What is required => Everything below from the line with "Good morning, students." through the line with "This has a great" should be copied exactly, and nothing else; leave out the pictures.

[Data to process]

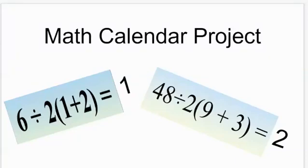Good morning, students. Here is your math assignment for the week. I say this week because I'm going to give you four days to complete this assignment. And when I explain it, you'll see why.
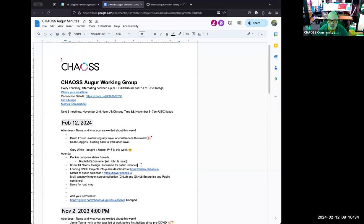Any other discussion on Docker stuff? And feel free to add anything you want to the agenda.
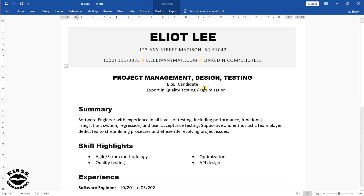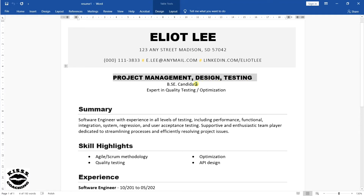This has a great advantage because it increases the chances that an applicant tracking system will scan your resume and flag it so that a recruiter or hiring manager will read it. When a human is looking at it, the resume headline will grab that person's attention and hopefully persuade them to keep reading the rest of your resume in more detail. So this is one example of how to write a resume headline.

[/Data to process]
[Data to process]

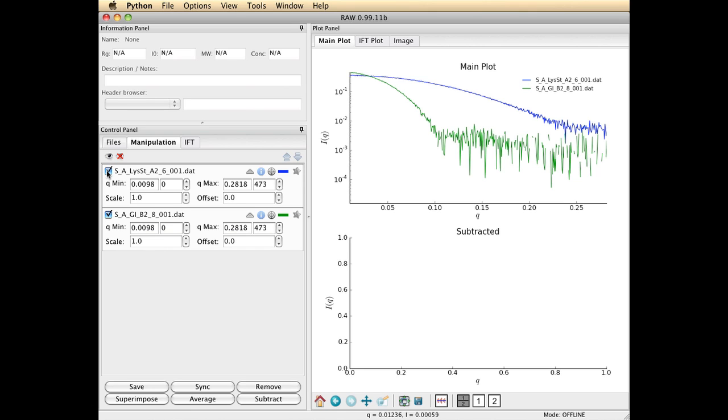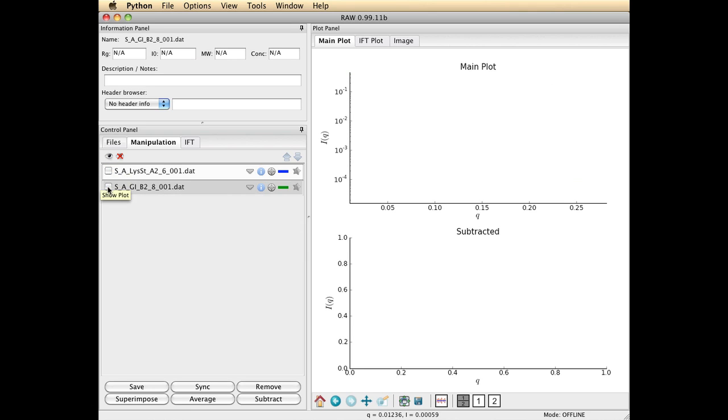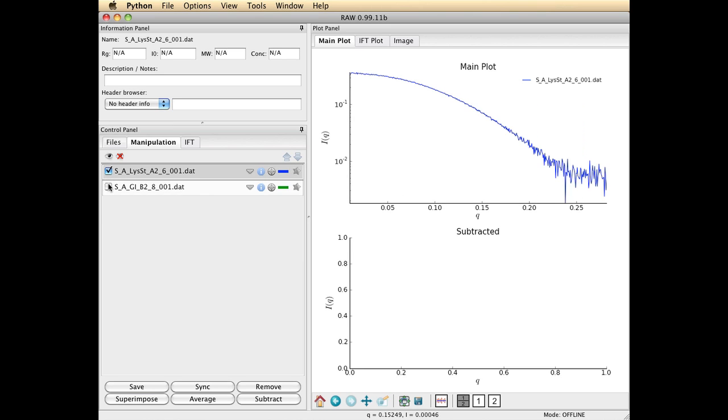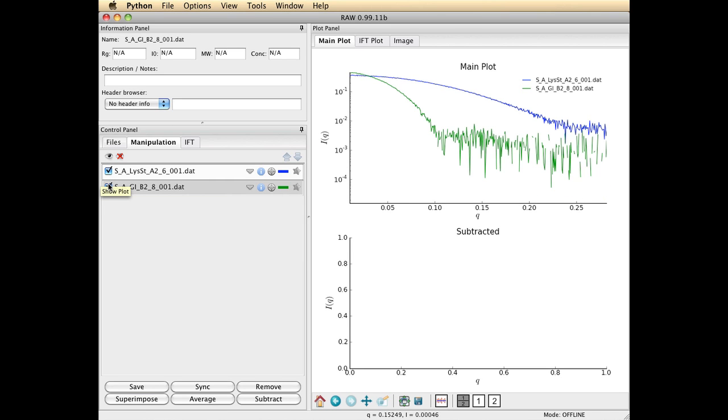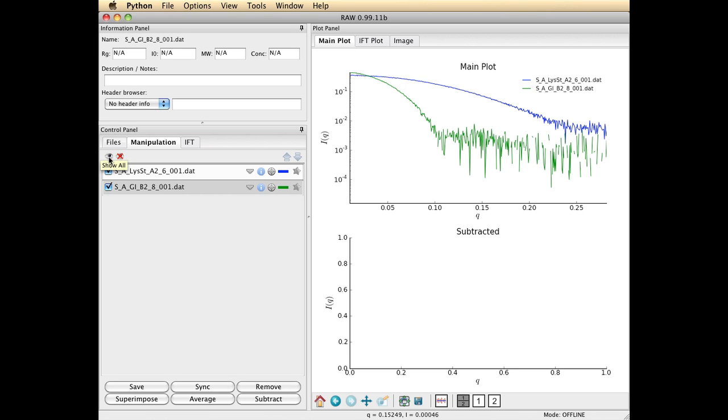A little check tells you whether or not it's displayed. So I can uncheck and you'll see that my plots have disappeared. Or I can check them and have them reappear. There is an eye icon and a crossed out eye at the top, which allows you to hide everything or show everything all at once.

[/Data to process]

Task output =>
Good morning, students. Here is your math assignment for the week. I say this week because I'm going to give you four days to complete this assignment. And when I explain it, you'll see why.
Any other discussion on Docker stuff? And feel free to add anything you want to the agenda.
This has a great advantage because it increases the chances that an applicant tracking system will scan your resume and flag it so that a recruiter or hiring manager will read it. When a human is looking at it, the resume headline will grab that person's attention and hopefully persuade them to keep reading the rest of your resume in more detail. So this is one example of how to write a resume headline.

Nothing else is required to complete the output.